Web page caption snippets:
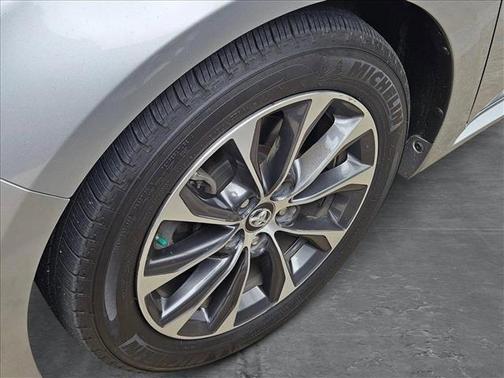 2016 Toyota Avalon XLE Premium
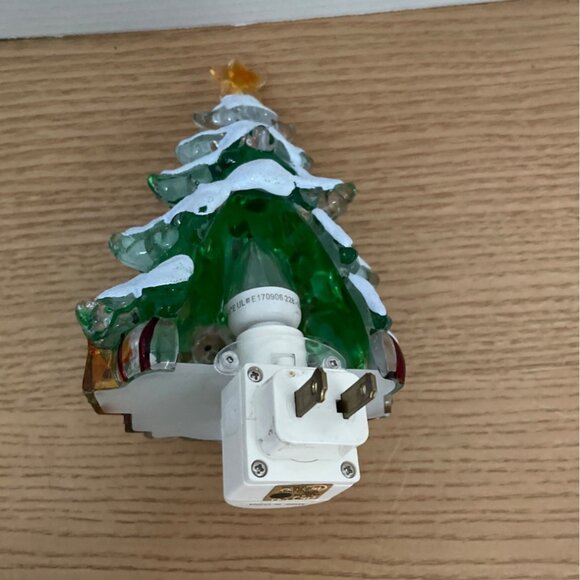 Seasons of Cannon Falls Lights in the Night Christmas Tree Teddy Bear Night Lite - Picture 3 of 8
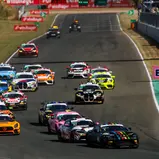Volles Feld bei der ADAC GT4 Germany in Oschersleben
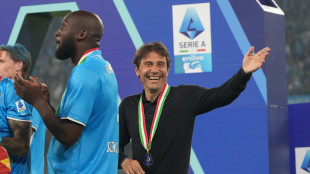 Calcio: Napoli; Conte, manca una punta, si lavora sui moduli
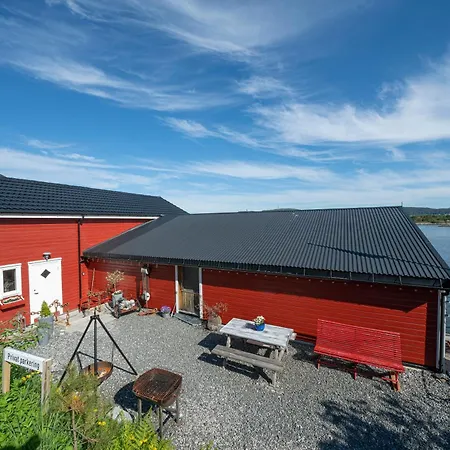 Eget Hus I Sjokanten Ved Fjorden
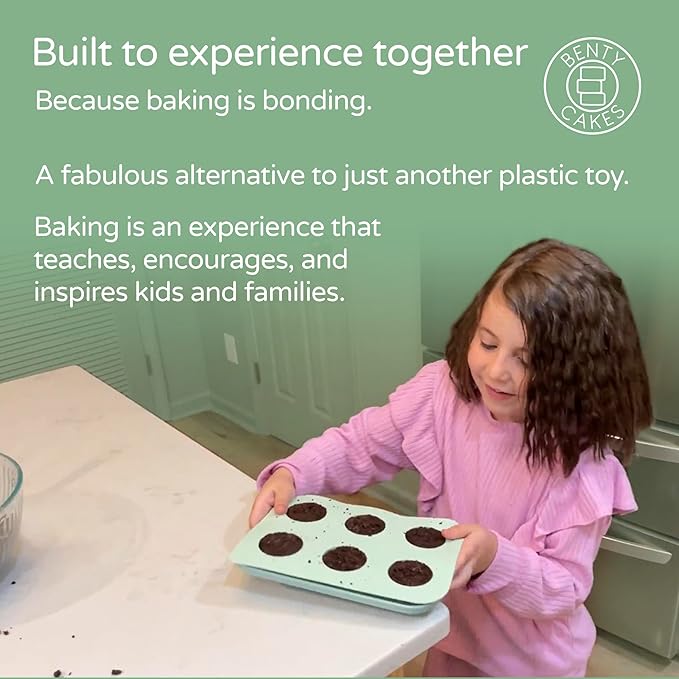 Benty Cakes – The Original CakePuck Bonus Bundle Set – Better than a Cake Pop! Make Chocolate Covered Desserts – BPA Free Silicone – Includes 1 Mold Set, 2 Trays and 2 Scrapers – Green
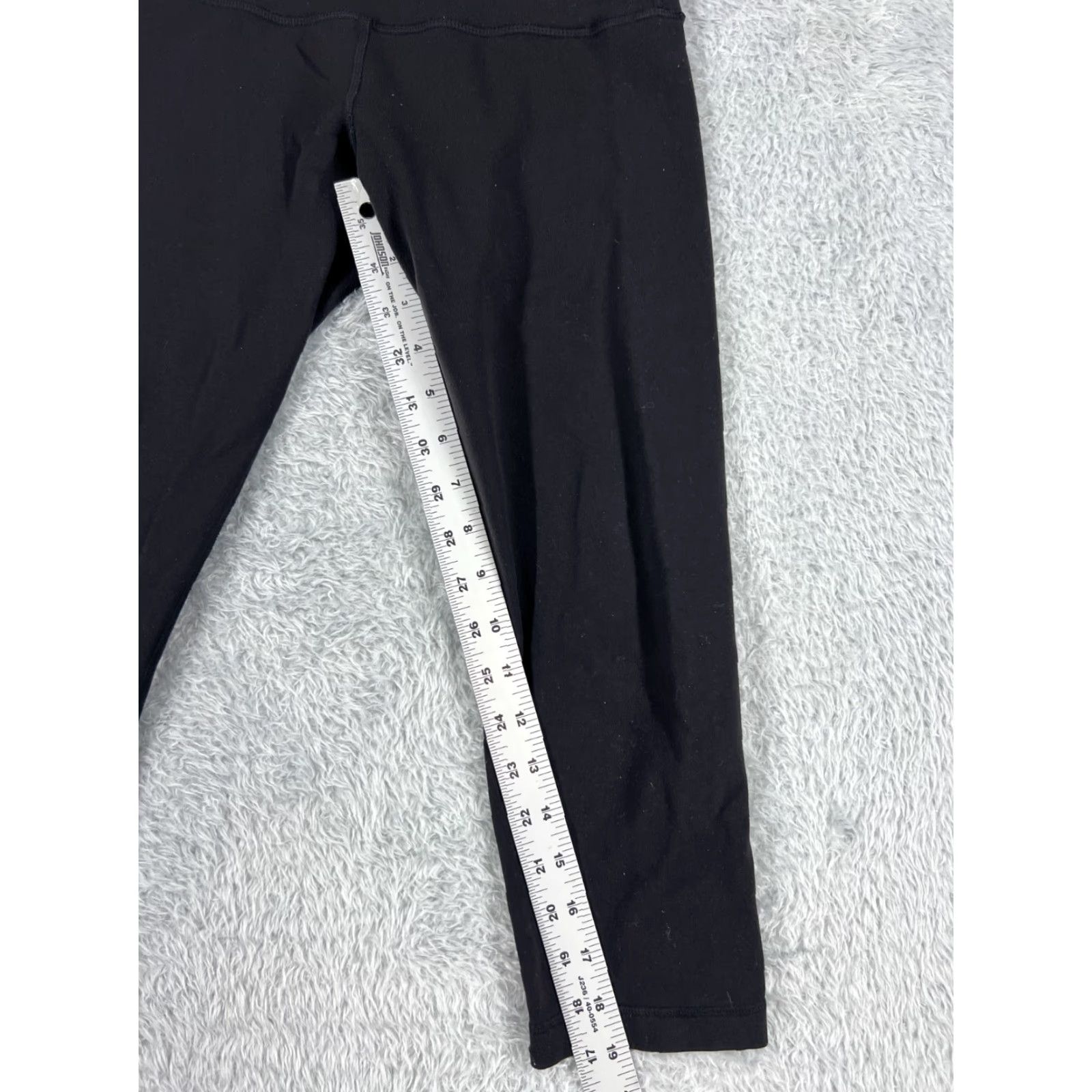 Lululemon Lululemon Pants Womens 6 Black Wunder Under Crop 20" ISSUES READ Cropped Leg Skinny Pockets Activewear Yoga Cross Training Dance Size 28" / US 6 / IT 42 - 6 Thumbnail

REQUIREMENT: Output every entry exactly, leaving out pictures.

EXERCISE OUTPUT:
 2016 Toyota Avalon XLE Premium
 Seasons of Cannon Falls Lights in the Night Christmas Tree Teddy Bear Night Lite - Picture 3 of 8
Volles Feld bei der ADAC GT4 Germany in Oschersleben
 Calcio: Napoli; Conte, manca una punta, si lavora sui moduli
 Eget Hus I Sjokanten Ved Fjorden
 Benty Cakes – The Original CakePuck Bonus Bundle Set – Better than a Cake Pop! Make Chocolate Covered Desserts – BPA Free Silicone – Includes 1 Mold Set, 2 Trays and 2 Scrapers – Green
 Lululemon Lululemon Pants Womens 6 Black Wunder Under Crop 20" ISSUES READ Cropped Leg Skinny Pockets Activewear Yoga Cross Training Dance Size 28" / US 6 / IT 42 - 6 Thumbnail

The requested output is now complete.